Material for this exercise:
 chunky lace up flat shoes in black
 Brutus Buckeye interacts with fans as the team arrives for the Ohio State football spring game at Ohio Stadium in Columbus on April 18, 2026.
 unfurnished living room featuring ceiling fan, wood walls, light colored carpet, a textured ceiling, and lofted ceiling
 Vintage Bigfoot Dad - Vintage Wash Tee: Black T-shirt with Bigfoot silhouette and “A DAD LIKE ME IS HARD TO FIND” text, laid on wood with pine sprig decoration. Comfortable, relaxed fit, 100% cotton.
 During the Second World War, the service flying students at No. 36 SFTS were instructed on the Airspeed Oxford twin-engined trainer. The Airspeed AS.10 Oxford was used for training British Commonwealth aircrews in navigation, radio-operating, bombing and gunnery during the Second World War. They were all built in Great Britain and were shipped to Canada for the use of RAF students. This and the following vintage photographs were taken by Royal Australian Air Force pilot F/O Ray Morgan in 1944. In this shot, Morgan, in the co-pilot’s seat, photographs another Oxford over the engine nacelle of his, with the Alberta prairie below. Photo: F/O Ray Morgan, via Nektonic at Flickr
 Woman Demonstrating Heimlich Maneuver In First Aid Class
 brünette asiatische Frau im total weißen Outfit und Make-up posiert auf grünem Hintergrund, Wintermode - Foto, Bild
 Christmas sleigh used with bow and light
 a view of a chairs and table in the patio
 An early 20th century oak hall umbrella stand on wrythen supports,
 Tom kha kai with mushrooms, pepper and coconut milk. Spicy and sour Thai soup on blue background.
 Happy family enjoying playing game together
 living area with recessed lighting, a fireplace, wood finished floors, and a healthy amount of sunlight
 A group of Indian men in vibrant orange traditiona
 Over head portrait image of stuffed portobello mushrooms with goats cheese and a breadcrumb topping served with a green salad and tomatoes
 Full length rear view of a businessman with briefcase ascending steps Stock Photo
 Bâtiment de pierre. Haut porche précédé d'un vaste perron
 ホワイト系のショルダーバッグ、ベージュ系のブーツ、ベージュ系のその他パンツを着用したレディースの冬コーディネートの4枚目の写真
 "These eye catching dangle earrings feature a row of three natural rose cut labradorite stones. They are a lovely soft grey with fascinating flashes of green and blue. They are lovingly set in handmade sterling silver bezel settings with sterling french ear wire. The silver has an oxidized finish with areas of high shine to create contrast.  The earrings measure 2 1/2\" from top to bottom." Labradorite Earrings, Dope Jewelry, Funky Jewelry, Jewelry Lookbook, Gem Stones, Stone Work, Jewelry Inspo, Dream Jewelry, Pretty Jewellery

Problem description: Where does the string "game" appear in the records? Copy every line that holds it.

Answer:
 Brutus Buckeye interacts with fans as the team arrives for the Ohio State football spring game at Ohio Stadium in Columbus on April 18, 2026.
 Happy family enjoying playing game together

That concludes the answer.